A tensão na Venezuela reedita na América do Sul a disputa geopolítica, herdada da Guerra Fria, entre Moscou e Washington, agora tendo a China como coadjuvante. Com reservas estimadas em 302 bilhões de barris, a Venezuela é o país mais rico do mundo em petróleo — o que sempre atiça a cobiça mundial. Desde o começo do ano, quando os EUA apoiaram a autoposse de Guaidó e suspenderam a compra de petróleo venezuelano, o governo de Maduro perdeu sua derradeira fonte de dinheiro vivo e se tornou mais dependente ainda do crédito russo e chinês. Os dois países recebem diariamente 450 000 barris da Venezuela, como pagamento de empréstimos.
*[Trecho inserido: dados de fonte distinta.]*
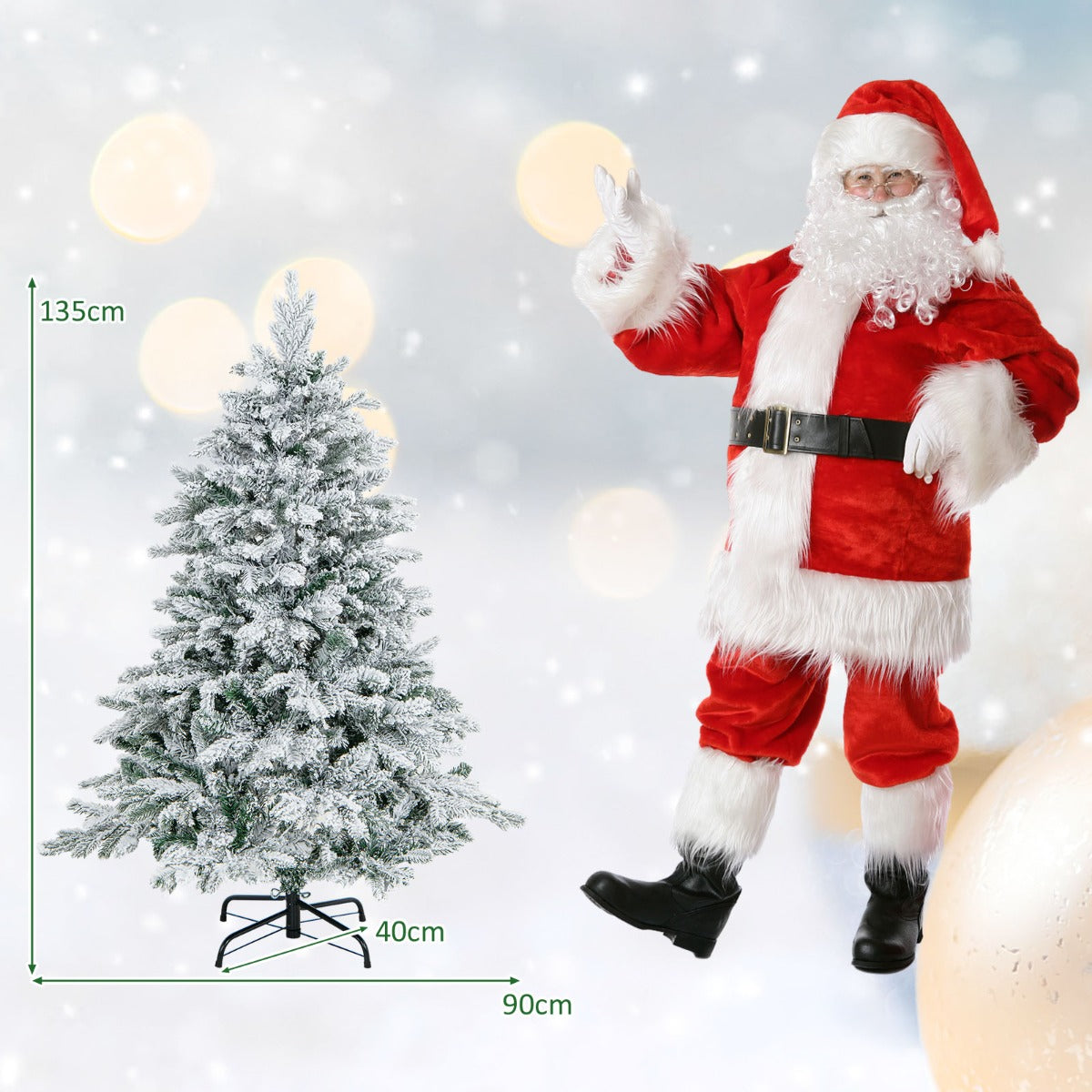 Livsk costway kunstkerstboom 135 cm 757 takken 260 warmwitte led lampjes geflockt scharnierend voorgeinstalleerde lampjes 2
O maior credor é a China: 62 bilhões de dólares. A dívida com a Rússia alcança 25 bilhões. Moscou, além disso, voltou a suprir a Venezuela com equipamentos e assessores militares desde que a crise se agravou (as remessas tinham minguado por causa da desesperadora falta de recursos do país).

Na atual conjuntura, qualquer perspectiva de deposição de Maduro passa por negociações com os dois países sobre como recuperar os recursos investidos. Esse seria apenas um dos problemas do governo pós-bolivariano. Ele teria também de lidar com a cúpula militar corrupta — que almeja nada menos que anistia total —, controlar as bem armadas milícias populares chavistas e, em paralelo, ressuscitar a economia. Na quinta-­feira 2, os dois presidentes da Venezuela, cada um em seu lado do ringue, buscavam meios de se fortalecer e ganhar tempo. Guaidó conclamou a população a manter mobilização diária, e convocou greves em série. Maduro, por sua vez, propôs um “diálogo nacional” para discutir os “erros” de sua gestão e marchou na capital com milhares de soldados, prometendo combater “qualquer traidor, qualquer golpista”. “Não vejo Guaidó ou Maduro afrouxando suas posições no curto prazo”, arrisca Socorro Ramírez, cientista política da Universidade Nacional da Colômbia. A qualquer momento, um pode ser preso e o outro, deposto. No xadrez venezuelano, ninguém tem certeza do dia de amanhã.